Wow! A comment I left on Aine's blog really has me shaken, the more I think about it. I asked her for ideas on how to affect change in a loving way. That's so sad! Where are we as a society that we can't envision change coming from a positive, loving action? Is it just me? I truly believe that love is the most powerful force there is. I believe God IS love. So what does it mean when I say that if I can't back it up by believing in the power of love? I see it so clearly in small ways. Or maybe I should say in my smaller environment. When I am radiating love - and I know when I am, everything feels right - the whole world looks brighter. Other people really do appreciate a smile. If you pay attention, sometimes you can even see the ripple effect of your kindness.
     Then there is that big environment, the 'world'. How can social truths translate to the political stage? I have to preface any political discussion with the guilty admission that I have avoided learning about politics for most of my life because it all overwhelmed me. I get frustrated and angry at the way things are. Not only how they are, but how hard it is to change anything. Everything is wrapped in laws and processes. It's all gotten so big, so out of hand.

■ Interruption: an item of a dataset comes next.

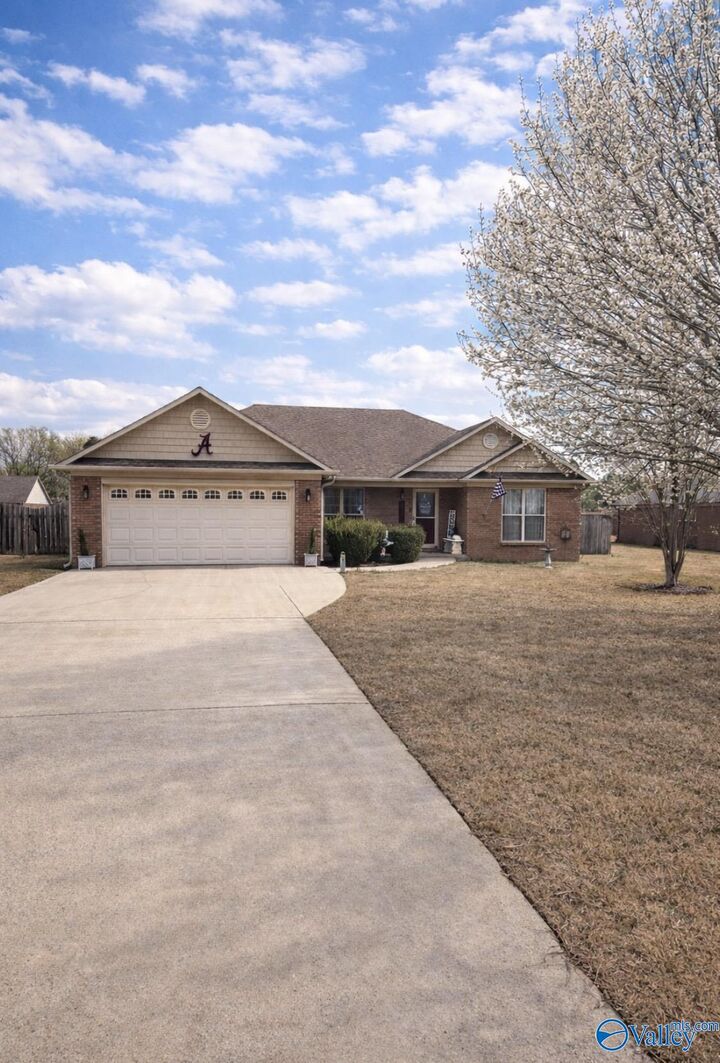 Property Photo: 20400 Johnson Road AL 35613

     I believe that the cause of most suffering and war on this planet is the un-balanced distribution of resources. If every country had enough food and water and their basic needs met, there would not be a climate that lends itself to terrorism. These are things people resort to when they're desperate. When they feel they have nothing to lose. When they feel nobody is hearing them. Then they are taught about America and all the abundance and 'decadence' we live in. Truth told, I'd be angry too. Simply because of where we were born, we have a lot or a little. It's easy to see people living in distant places as 'other' but that's simply not true.

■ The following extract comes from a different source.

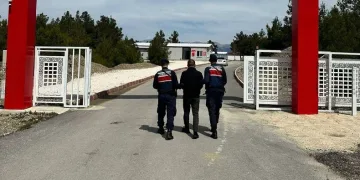 Uyuşturucu ve kaçakçılık operasyonlarında 4 kişi tutuklandı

     So what if we considered all of humanity our brothers and sisters? And what if politics no longer existed?  I know we supposedly need their structure to govern us all because we can't be trusted to just be decent human beings, but what if? What if instead of telling us all how it's going to be, the job of politicians was really to be a public servant? And what if we, the public, decided that what we want them to do is to re-think the distribution of resources. Not just 'over borders' because they're irrelevant. If we were willing to give just a little. If we realized that we don't really need that many pairs of shoes. That a six thousand square foot house may be a bit big for a three person family. That we can only drive one car at a time. That the gluttony we've cultivated in this culture is going to be the downfall of humanity if we keep feeding it.

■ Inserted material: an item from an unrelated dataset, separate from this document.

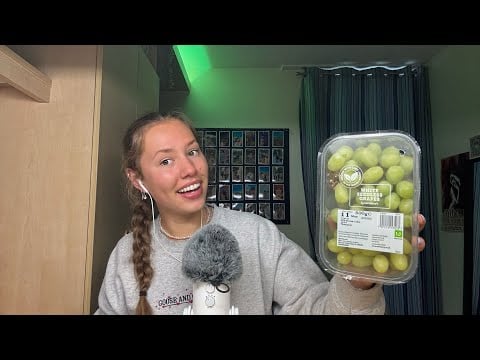ASMR eating the WORLDS CRUNCHIEST GRAPES 🍇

    These are big words but it's true. The major real problems we have today (not the "problems" the media would have us focus on) have to do with sustainability. Well, our way of life is simply not sustainable. Maybe that's my cause. In an article by Linda Sechrist in Natural Awakenings magazine (HealthyLivingDetroit.com), Andrew Harvey talks about Sacred Activism. He says we should "understand that the deepest service rises out of our deepest compassion, which is born out of our deepest heartache.".  It has always been my deepest heartache to see people going without. People are starving, thirsting to death, dying without simple medicines, living without homes or clothing, unaware of education and health care. People. These are people, just like you and me! So, I think it's time for me to pick up a copy of Mr Harvey's book, "The Hope: A Guide to Sacred Activism" and figure out what I can do to help. In the article he talks about having a deep spiritual practice because that is where the ideas for change that will work come from and the spiritual practice also supports us through the slings and arrows of activism. I need to do something! Aside from blogging about it :).
     I want to prove that LOVE CAN be a force for change! I want to learn how to live in a way that doesn't consume unnecessary amounts of anything. I am not a saint. I have to be reasonable about what I can do, but knowing that, I have to remember what great feats others have preformed and not limit myself. I hear all the trepidation in these lines. Who else is out there, ready to help make change?